The BBC NI website yesterday led with the headline: ‘Unionist leaders request £14k for centenary stone’. As the story said, unionist party leaders have asked for help to cover the cost of a stone at Stormont to mark Northern Ireland's centenary, perhaps costing taxpayers £14,000. The report was an important reminder of a scandal, but not the one readers might have thought, of taxpayer waste. The scandal is that the stone is the only recognition of NI having turned 100 in 2021.
To placate nationalists, the province was not allowed a centenary. Organisations with Northern Ireland in their name were too cowardly even to say Happy Birthday! There was nothing apart from a long loyal orders march to which the national broadcaster devoted a brief report. Schoolchildren will barely have known of the date, despite the growth in people identifying as Northern Irish.
There was no celebratory church service. An ecumenical service in Armagh became one that just marked all 1921 events. The words Northern Ireland were barely spoken. BBC NI’s top evening news angle on the service was the Roman Catholic Archbishop referring to the pain of partition.

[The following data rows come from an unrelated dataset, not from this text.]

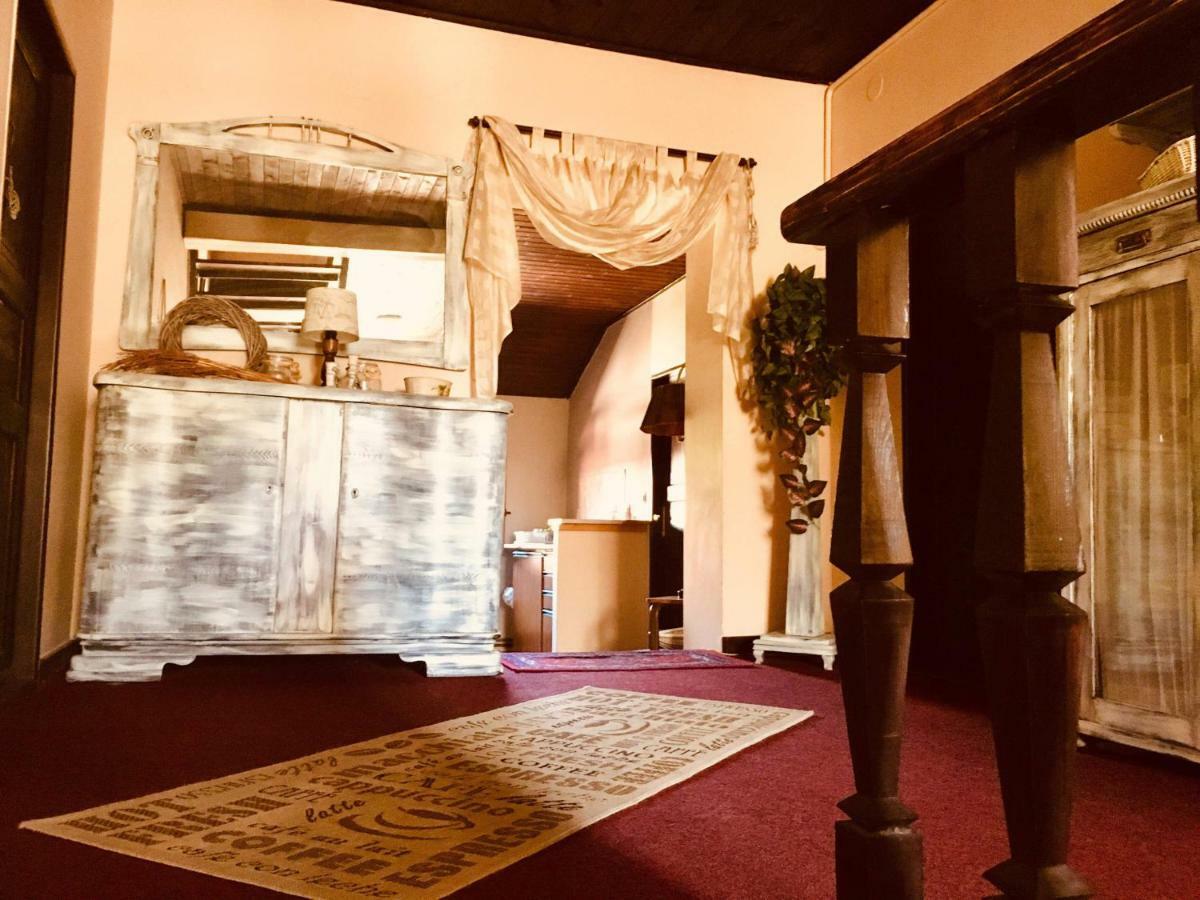 Pension Verona Nový Bor Екстериор снимка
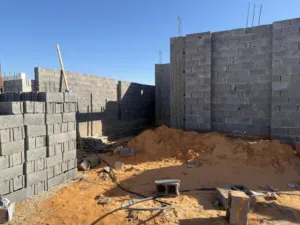 استراحة للبيع تاجوراء الباعيش بالقرب من حوازة الورد شارع الغاز من المالك مباشرة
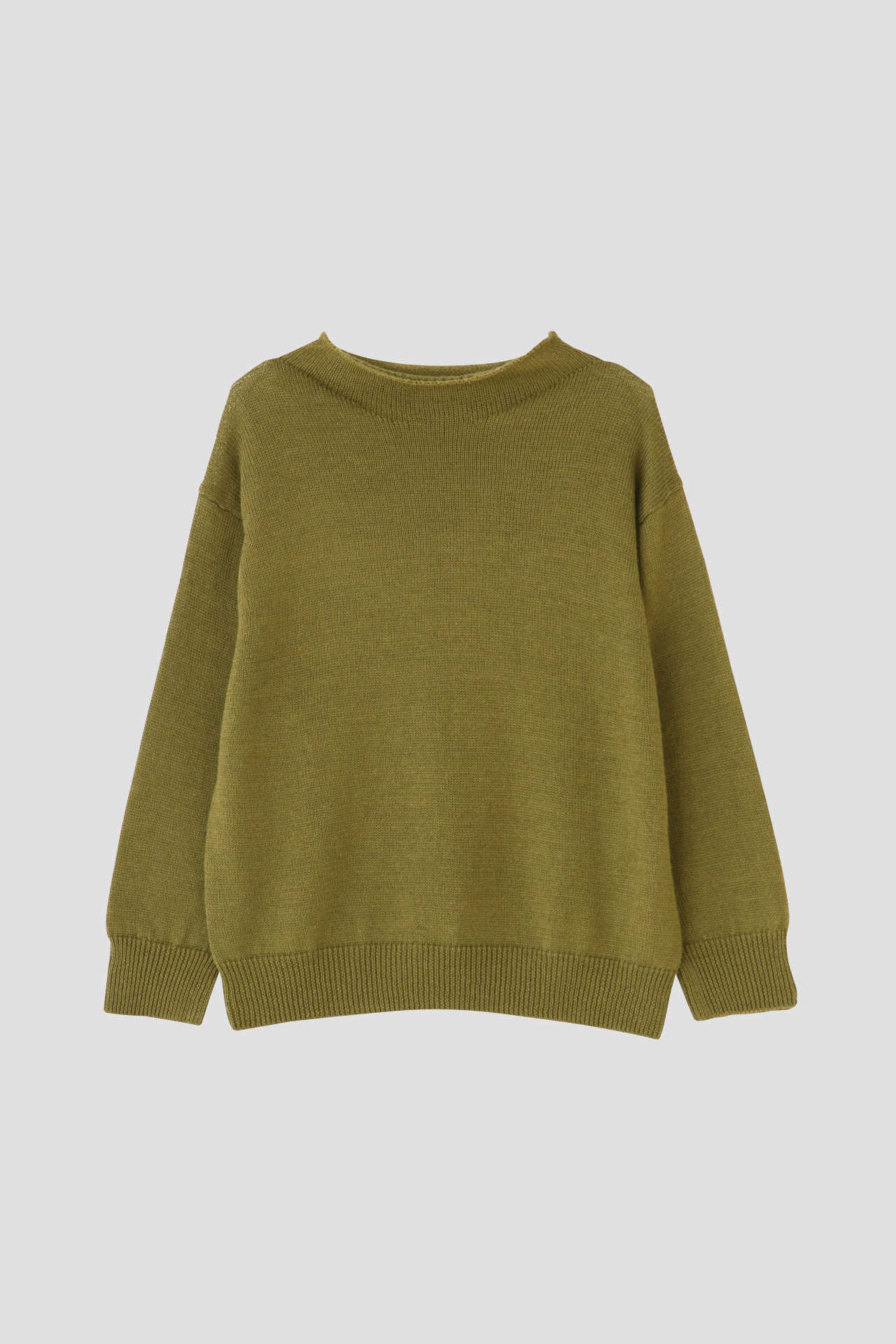 WOOL LINEN JUMPER10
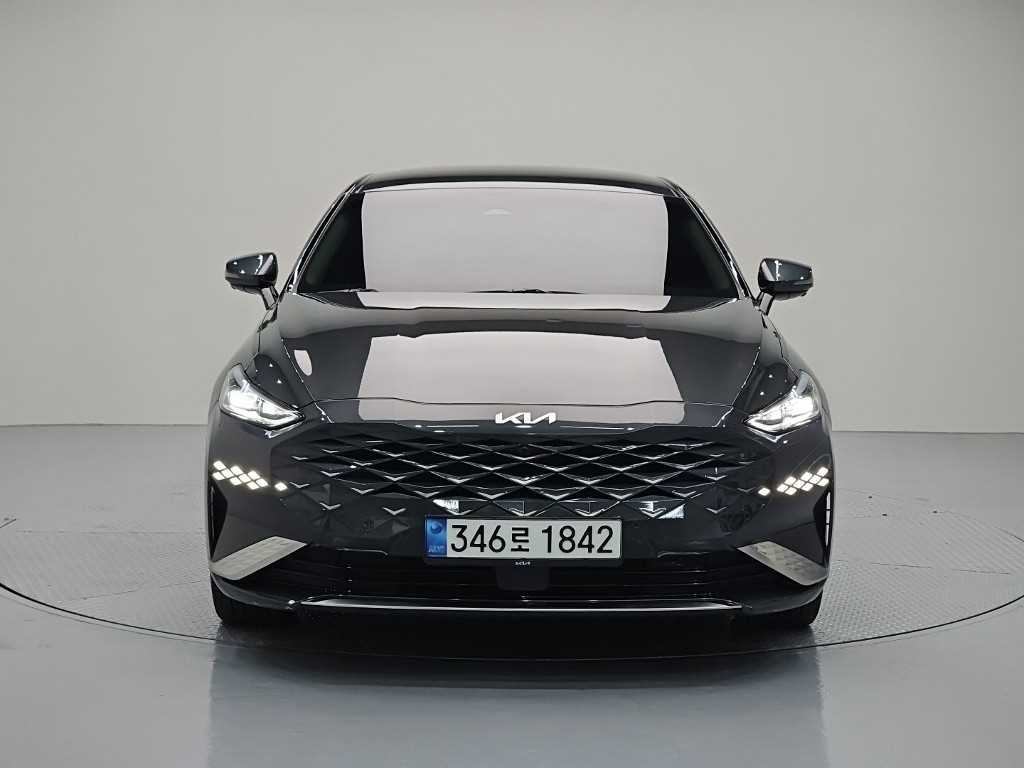KIA K8 - Vista 2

The Protestant churchmen either did not know he was going to say so or did but were too timid to counter such a view explicitly. And this service, which was an insult to anyone who wanted to celebrate their country, was too much for President Michael D Higgins, an Irish president who masquerades as a reconciliatory figure but has been anything but.
The West Belfast Festival, which always ends in IRA chanting, is lavishly funded yet unionist leaders had to offer to pay for a stone, the cost of which has inexplicably soared. London is writing a £100m+ blank cheque for the GAA Casement stadium, yet unionists have to have a whip round to get a stone that marks NI at 100.